Exploring, drilling and completing hydrocarbon and other wells are generally complicated, time consuming and ultimately very expensive endeavors. As a result, oilfield efforts are often largely focused on techniques for maximizing recovery from each and every well. Whether the focus is on drilling, unique architecture, or step by step interventions the techniques have become quite developed over the years. In large scale oilfield operations, the development of the well and follow-on interventions may be carried out through the use of several positive displacement pumps. For example, in applications of cementing, coiled tubing, water jet cutting, or hydraulic fracturing of underground rock, 10 to 20 or more pumps may be simultaneously utilized at the oilfield for a given application.
Each positive displacement pump may be a fairly massive piece of equipment with associated engine, transmission, crankshaft and other parts, operating at between about 200 Hp and about 4,000 Hp. A large plunger is driven by the crankshaft toward and away from a chamber in the pump to dramatically effect a high or low pressure. This makes it a good choice for high pressure applications. A positive displacement pump is generally used in applications where fluid pressure exceeding a few thousand pounds per square inch gauge (psig) is required. Hydraulic fracturing of underground rock, for example, often takes place at pressures ranging from a few hundred to over 20,000 psig to direct an abrasive containing slurry through an underground well to release oil and gas from rock pores for extraction. A system with 10-20 pumps at the oilfield may provide a sufficient flowrate of the slurry for the application, for example, between about 60-100 barrels per minute (BPM).

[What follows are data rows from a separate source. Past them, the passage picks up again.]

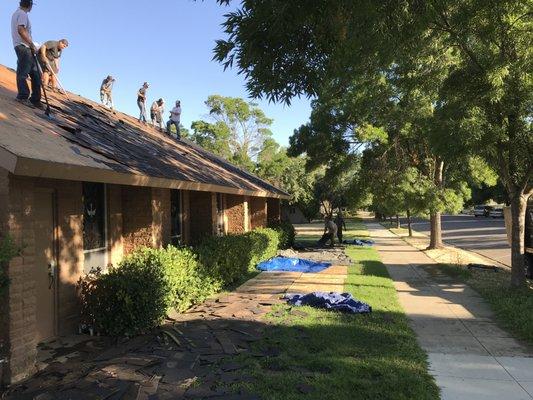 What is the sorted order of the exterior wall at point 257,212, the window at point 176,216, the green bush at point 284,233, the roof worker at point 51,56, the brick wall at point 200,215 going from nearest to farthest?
1. the roof worker at point 51,56
2. the window at point 176,216
3. the brick wall at point 200,215
4. the exterior wall at point 257,212
5. the green bush at point 284,233

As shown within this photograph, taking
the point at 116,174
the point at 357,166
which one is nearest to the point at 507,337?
the point at 116,174

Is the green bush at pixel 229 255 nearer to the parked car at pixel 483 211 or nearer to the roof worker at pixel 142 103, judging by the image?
the roof worker at pixel 142 103

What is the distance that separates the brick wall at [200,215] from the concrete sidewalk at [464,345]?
17.8 ft

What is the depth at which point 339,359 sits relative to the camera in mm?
6277

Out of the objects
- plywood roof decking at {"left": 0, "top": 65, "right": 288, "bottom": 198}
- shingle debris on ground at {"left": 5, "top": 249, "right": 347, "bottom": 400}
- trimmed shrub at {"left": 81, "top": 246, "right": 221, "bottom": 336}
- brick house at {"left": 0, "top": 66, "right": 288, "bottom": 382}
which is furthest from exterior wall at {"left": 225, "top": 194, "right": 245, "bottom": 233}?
trimmed shrub at {"left": 81, "top": 246, "right": 221, "bottom": 336}

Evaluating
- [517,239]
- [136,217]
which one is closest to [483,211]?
[517,239]

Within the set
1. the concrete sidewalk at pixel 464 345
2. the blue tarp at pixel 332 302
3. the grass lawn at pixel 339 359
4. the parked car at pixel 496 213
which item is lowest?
the concrete sidewalk at pixel 464 345

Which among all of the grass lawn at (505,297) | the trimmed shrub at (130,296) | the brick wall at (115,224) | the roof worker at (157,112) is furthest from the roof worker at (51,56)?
the grass lawn at (505,297)

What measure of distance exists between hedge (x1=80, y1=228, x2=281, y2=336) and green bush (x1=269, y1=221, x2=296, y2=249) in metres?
11.1

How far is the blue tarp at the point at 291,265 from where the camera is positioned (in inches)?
617

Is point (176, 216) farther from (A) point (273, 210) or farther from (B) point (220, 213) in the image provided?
(A) point (273, 210)

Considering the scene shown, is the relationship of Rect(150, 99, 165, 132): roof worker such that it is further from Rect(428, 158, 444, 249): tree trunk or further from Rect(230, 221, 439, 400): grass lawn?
Rect(428, 158, 444, 249): tree trunk

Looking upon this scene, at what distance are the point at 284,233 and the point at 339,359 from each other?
16262 mm

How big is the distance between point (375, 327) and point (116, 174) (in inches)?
184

In the above described multi-pump system, each one of the pumps are fluidly connected to a manifold which delivers the slurry fluid to the wellhead. Thus, the pumps are hydraulically linked to one another. As a result, while each pump may be subject to its own individual wear and performance factors, the efficiency and health of the overall system is subject to factors such as fluctuating pressure and flow interaction among all of the pumps.

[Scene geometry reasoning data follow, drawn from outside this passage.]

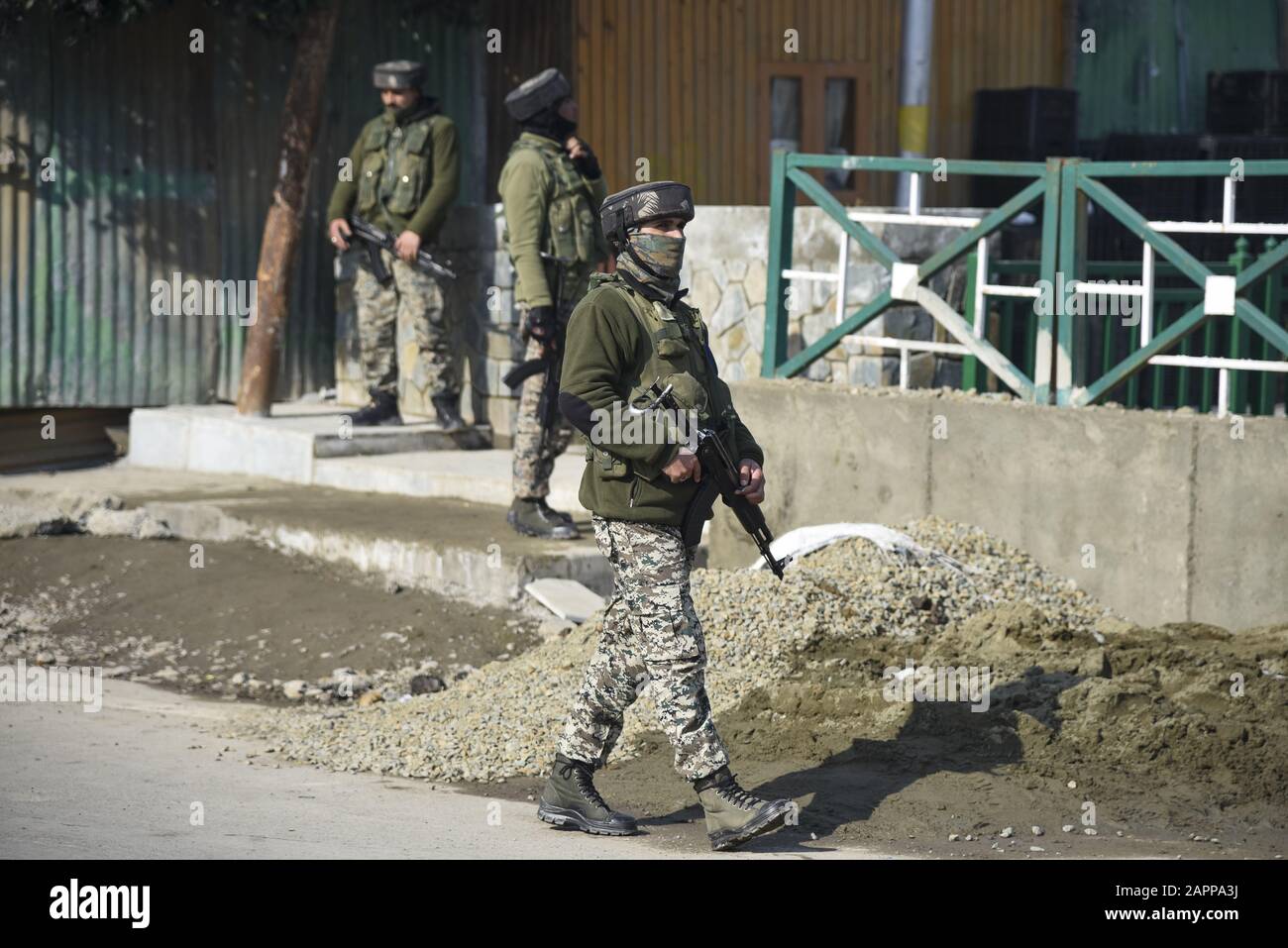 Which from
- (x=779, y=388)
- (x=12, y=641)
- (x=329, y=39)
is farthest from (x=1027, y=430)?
(x=329, y=39)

One circumstance where the health of the overall system may be of concern due to multi-pump interaction is in the case of excessive, prolonged, or cumulative vibrations reverberating through the lines. For example, with a variety of pumps utilized, it is unlikely that all of the pumps will continuously pump in sync with one another. Nevertheless, from time to time, multiple pumps of the system may randomly come into phase or sync with one another as they pump. When this occurs, the inherent vibrations from pumping are cumulatively felt by the system, often in dramatic fashion.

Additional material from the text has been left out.